Li Er (about 570 B. C. — ?), honorific name was Bo Yang, also was respected as Lao Tzu or Lao Zi, was a great philosopher, author and historian.


His masterpiece Tao Te Ching (also pronounced as Dao De Jing) formed the Taoism school, which is one of the most influential philosophical schools in Chinese Culture.


Emperors of the Tang Dynasty (618 — 907) respected Lao Tzu as their ancestor, when they honored him as an emperor of the Tang Empire. 

A Knowledgeable, Diligent Wunderkind

Lao Zi started to learn history, astrology and military since he was a toddler.


Few years later, his teacher believed that Lao Zi had mastered everything he knew; therefore, he recommended Lao to move to the capital city of the Zhou Dynasty and to learn from the most knowledgeable scholars there.


Soon, as a 13 year old boy, Lao Zi left his parents and hometown, and went to the capital city where he studied and mastered more knowledge.

Working Life in the Zhou Empire

Then, Lao Zi worked in the Zhou Empire as a historian and a librarian, when he had read large numbers of books and mastered the entire documented history.


He soon became famous nationwide, for his insight and talent, and many people worshipped him as a sage.


Confucius had travelled long distance to consult Lao Zi for several times, to talk about the universe, life, history, politics, etc.
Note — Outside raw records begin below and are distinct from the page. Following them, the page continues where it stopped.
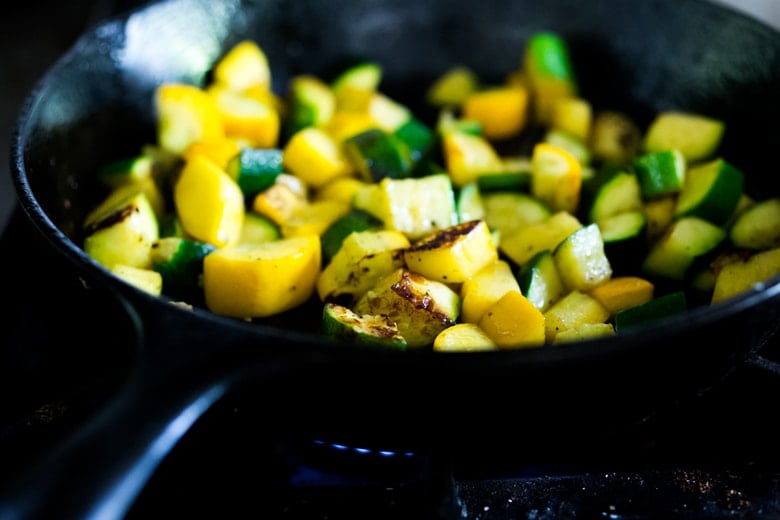 sauteeing zucchini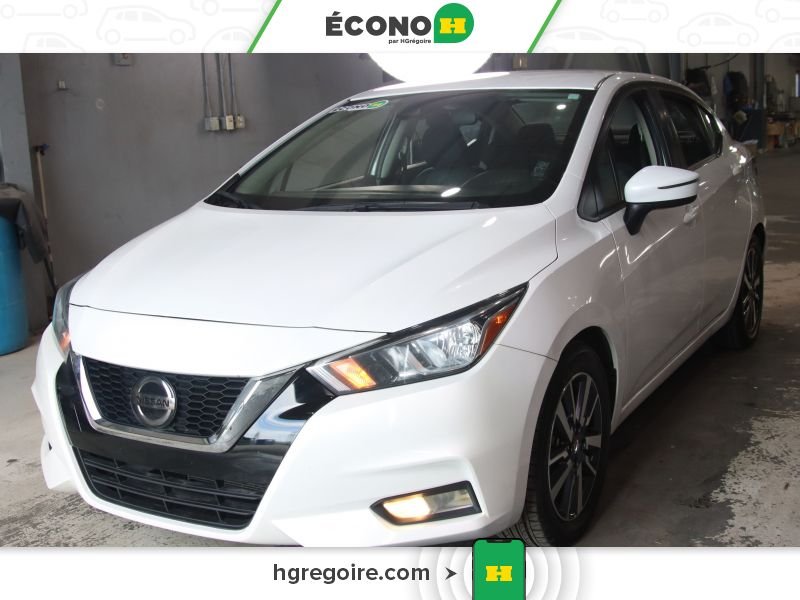 Nissan Versa 821484 | SV AUTO GR ÉLEC A/C BLUETOOTH CAMÉRA MAGS 2021 Blanc Laval - photo #2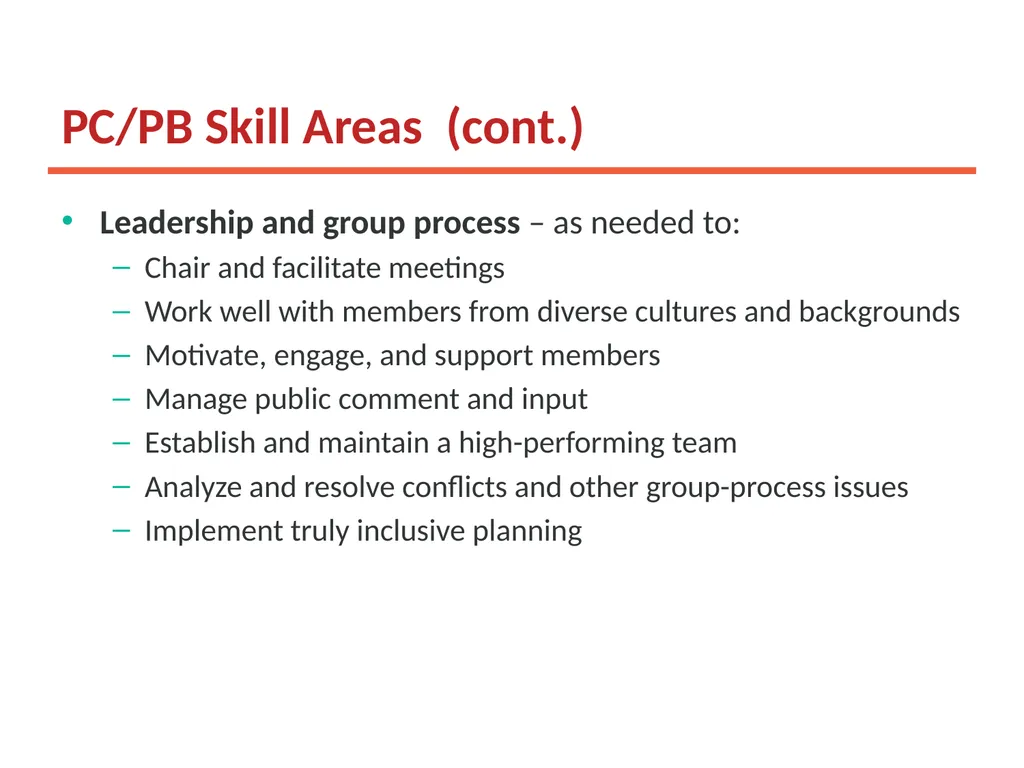 Working Together: Effective Committees and PC/PB - slide 21 of 36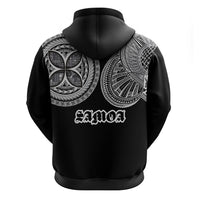 Samoa Traditional Tattoo Zip Hoodie Tribal Tatau Pattern LT03 - Polynesian Pride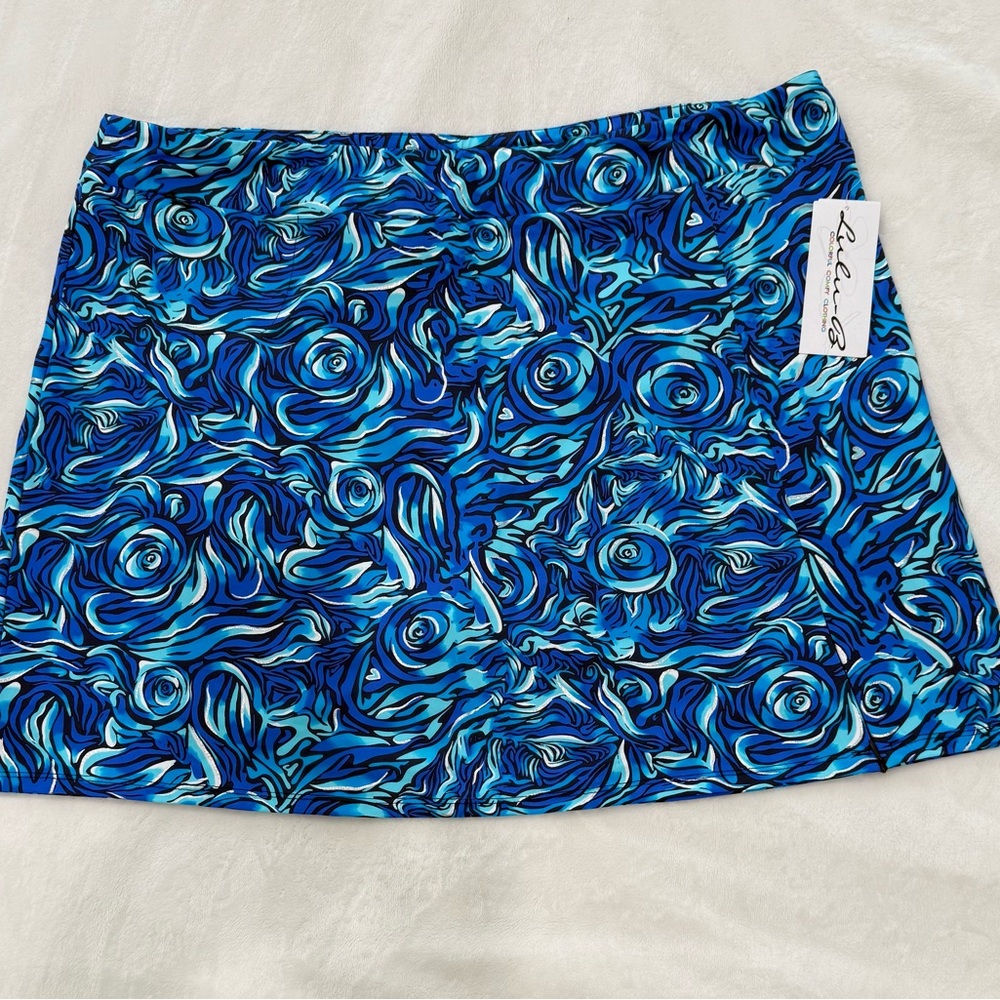 Lulu-B Plus Size Blue Fantasia Skort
Confucius was inspired after each meeting, and compared Lao Zi as a mysterious and powerful dragon.

Decades later, the Zhou Empire stepped into a chaotic era, so Lao Zi decided to leave this kingdom.


When he arrived at the gate on the border, the chief commander here recognized him.


This commander stopped and welcomed Lao Zi, saying a master like him should leave the world his knowledge.


Writing of Dao De Jing and Lao Zi's Mysterious Leaving

Lao Zi agreed and wrote down a five-thousand-words book, and gave it to this commander. 


Afterwards, Lao Zi disappeared from the public forever.


But the book he handed over before he left, named Dao De Jing or Tao Te Ching, was widespread nationwide and formed the philosophy of Taoism in Chinese culture.


The content of this masterpiece, some people believed is in regard to teach the ruling class how to be a good monarch and militarist, while others considered it was revealing the essence of the universe, nature, and society.


In a word, everyone could learn different things out of it, based on their own various perspectives.  


Main Ideas of Lao Zi 

1  Everything has two sides, and they are transferable.


Everything is complicated and keeps changing. 


Therefore, people’s definition and cognition of nature is always limited, and requires constant progressing.  


2  Humans adhere to the pattern of the earth; earth responds to change of the heaven; heaven obeys the Dao; Dao follows the doctrine of nature. 


For instance, human’s agriculture production needs to adhere to the change of seasons and rainfall, and temperature or moisture on earth is the result of the movement of the Sun. The pattern of the whole universe could be recognized as Dao, the essence of the nature of law.


3 Everything in the universe follows the Dao. Human can perceive, define, and make use of it, but no one is able to change it.


4 Denial of Theism.


Dao dominates the universe, not any kinds of immortal nor supernatural force. 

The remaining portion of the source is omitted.